» GOAL OF THE EXERCISE:
The records beneath should be printed exactly, and the pictures are to be left out.

» GIVEN DATA:
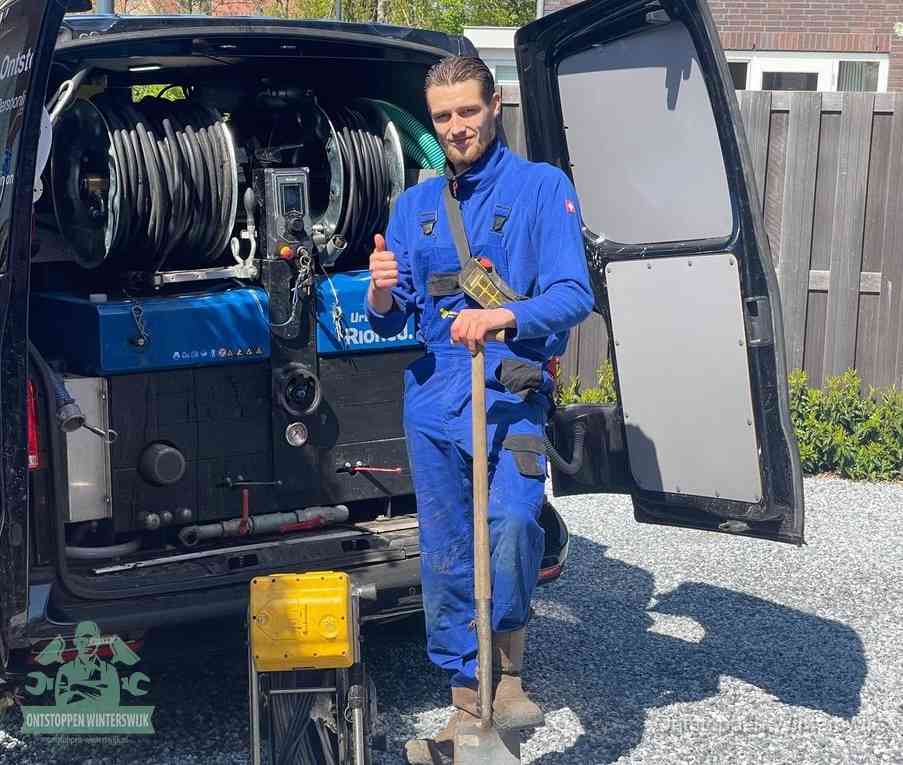 Een monteur met gereedschapsriem en klembord, klaar om een transparant vast tarief te geven voor het ontstoppen in Winterswijk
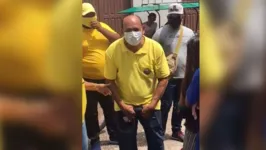 Imagem ilustrativa da notícia Prefeito de Afuá aponta órgão sexual para eleitores em gesto obsceno; veja vídeo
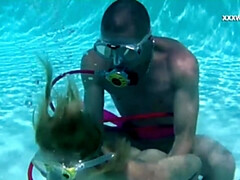 Samantha Cruz's public scene by Underwater Show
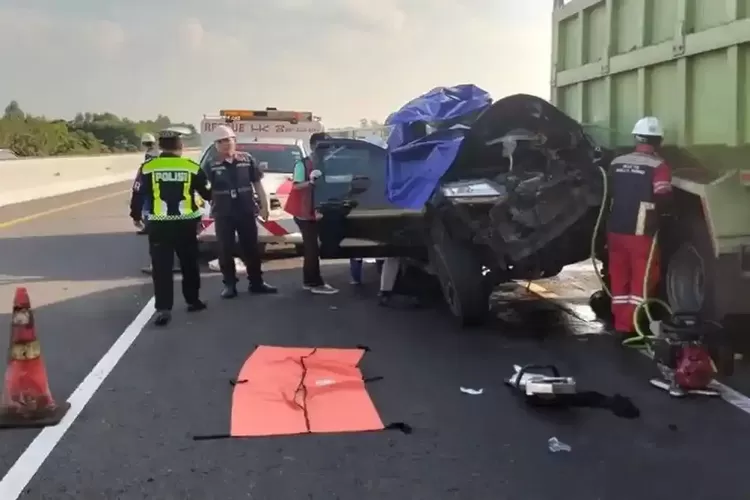 Pajero Tabrak Dump Truck di Tol Palembang-Prabumulih, 3 Orang Tewas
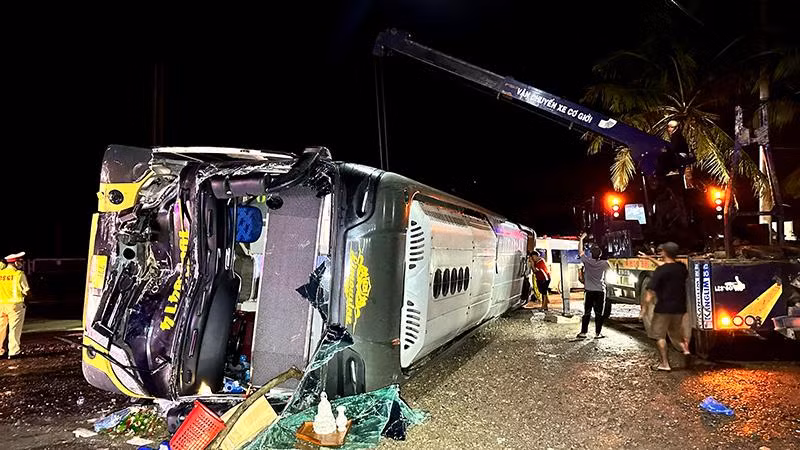 Xe cẩu được điều động tới hiện trường để giải cứu nạn nhân còn mắc kẹt trong xe.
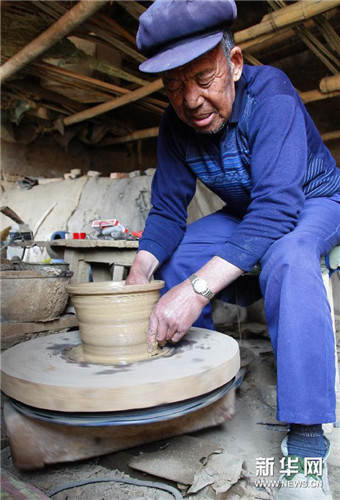 王善本老人在作坊內製作黑陶花盆胚(5月1日攝).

» THE ANSWER:
 Een monteur met gereedschapsriem en klembord, klaar om een transparant vast tarief te geven voor het ontstoppen in Winterswijk
 Imagem ilustrativa da notícia Prefeito de Afuá aponta órgão sexual para eleitores em gesto obsceno; veja vídeo
 Samantha Cruz's public scene by Underwater Show
 Pajero Tabrak Dump Truck di Tol Palembang-Prabumulih, 3 Orang Tewas
 Xe cẩu được điều động tới hiện trường để giải cứu nạn nhân còn mắc kẹt trong xe.
 王善本老人在作坊內製作黑陶花盆胚(5月1日攝).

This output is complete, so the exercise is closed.